Aug. 1, 2005 While navigation systems in automobiles are a fairly new (and still costly) innovation, monarch butterflies have managed for millennia to navigate their way for a distance of some 3000 miles (4800 kilometers) each fall from Canada to Mexico (and vice-versa in the spring) without losing their way.
The phenomenon of long-range bird migration is a well-known one, but not in the insect world. Also, among birds their migration route is a round-trip one, which they make more than once in their lifetimes, while for the monarch it is strictly a one-way trip for each butterfly. How do these creatures do it?
The mystery of the mechanisms involved in this remarkable phenomenon has been resolved by a team of scientists who did this by exploring the infinitesimal butterfly brain and eye tissues to uncover new insights into the biological machinery that directs this delicate creature on its lengthy flight path.
The research team, led by Prof. Steven Reppert of the University of Massachusetts Medical School, included Dr. Oren Froy, now of the Faculty of Agricultural, Food and Environmental Quality Sciences of the Hebrew University of Jerusalem. Others involved were from the Czech Academy of Sciences and the University of California, Irvine. Their latest findings were published in a recent issue of Neuron magazine, constituting a continuation of their earlier work, published in the journal Science.

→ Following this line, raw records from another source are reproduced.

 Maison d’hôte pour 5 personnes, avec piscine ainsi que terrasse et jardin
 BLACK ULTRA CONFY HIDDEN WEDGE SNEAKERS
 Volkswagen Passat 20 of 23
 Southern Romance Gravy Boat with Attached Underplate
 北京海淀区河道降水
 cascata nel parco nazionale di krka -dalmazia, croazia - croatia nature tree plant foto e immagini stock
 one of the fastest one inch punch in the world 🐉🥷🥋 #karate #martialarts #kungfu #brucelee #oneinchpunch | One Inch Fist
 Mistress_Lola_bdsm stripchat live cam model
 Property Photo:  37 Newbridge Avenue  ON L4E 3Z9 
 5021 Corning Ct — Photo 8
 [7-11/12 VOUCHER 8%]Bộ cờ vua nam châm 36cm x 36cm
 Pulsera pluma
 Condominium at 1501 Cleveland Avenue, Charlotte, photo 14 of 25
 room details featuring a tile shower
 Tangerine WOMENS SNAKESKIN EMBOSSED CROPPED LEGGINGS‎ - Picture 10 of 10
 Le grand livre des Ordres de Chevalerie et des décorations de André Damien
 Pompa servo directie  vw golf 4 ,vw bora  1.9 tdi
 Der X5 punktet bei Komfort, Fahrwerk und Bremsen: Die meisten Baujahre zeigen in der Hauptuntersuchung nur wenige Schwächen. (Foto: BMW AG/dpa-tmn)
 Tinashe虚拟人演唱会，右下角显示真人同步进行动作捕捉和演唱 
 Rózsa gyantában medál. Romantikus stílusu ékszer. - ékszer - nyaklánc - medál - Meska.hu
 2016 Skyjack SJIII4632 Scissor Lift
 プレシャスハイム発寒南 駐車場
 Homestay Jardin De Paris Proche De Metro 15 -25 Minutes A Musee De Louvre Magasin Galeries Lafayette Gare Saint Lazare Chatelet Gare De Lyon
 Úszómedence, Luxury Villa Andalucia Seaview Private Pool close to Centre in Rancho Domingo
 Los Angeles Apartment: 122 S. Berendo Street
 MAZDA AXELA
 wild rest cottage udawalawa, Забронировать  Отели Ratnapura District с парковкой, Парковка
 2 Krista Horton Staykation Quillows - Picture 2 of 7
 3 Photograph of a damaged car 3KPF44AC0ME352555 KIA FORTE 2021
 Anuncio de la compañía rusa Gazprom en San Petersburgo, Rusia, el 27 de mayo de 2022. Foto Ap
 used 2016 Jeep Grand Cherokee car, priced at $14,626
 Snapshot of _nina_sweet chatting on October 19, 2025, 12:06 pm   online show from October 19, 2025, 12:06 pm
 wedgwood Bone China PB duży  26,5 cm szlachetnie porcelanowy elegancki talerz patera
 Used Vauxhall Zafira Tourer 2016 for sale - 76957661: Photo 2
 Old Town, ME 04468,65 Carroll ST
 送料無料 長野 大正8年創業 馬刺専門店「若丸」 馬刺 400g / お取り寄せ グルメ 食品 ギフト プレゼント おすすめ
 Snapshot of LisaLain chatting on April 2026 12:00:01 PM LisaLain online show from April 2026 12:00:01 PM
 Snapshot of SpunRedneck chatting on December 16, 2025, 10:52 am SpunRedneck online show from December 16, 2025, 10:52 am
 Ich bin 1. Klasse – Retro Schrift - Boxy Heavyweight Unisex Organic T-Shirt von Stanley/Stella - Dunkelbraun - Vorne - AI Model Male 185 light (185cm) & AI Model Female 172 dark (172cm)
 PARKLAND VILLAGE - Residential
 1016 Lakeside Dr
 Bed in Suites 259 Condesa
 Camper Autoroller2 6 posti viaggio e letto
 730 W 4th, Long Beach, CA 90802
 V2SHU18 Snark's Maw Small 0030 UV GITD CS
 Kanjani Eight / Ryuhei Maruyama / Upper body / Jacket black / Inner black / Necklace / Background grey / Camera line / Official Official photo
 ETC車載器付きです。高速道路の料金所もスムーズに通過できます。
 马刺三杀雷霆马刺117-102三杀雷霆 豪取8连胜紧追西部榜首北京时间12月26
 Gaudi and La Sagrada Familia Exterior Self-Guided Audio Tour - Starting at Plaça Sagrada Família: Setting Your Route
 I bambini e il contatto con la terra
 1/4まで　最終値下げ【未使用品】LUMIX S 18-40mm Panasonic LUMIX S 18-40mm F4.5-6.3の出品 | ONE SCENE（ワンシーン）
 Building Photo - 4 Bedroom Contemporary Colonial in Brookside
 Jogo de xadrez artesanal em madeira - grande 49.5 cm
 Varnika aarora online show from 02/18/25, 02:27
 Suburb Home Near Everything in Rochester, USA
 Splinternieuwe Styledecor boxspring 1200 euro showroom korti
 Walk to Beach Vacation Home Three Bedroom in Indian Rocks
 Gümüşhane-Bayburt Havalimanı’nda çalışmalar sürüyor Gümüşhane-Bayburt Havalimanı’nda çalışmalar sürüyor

While light in general is essential to the functioning of the "biological clock" in the butterfly brain -- governing its metabolic cycles, including its "signal" to migrate -- the researchers discovered that it is specifically the ultraviolet band of light that is crucial to the creature's orientation. The butterflies have special photoreceptors for ultraviolet (UV) light in their eyes which provide them with their sense of direction.
They proved that this ultraviolet "navigation" is crucial by placing butterflies in a "flight" simulator. When a UV light filter was used in the simulator, the butterflies lost their orientation
Further probing revealed a key wiring connection between the light-detecting navigation sensors in the butterfly's eye and its brain clock Thus, it was shown that input from two interconnected systems -- UV light detection in the eye and the biological clock in the brain -- together guide the butterflies "straight and true" to their destination at the appointed times in their two-month migration over thousands of miles/kilometers.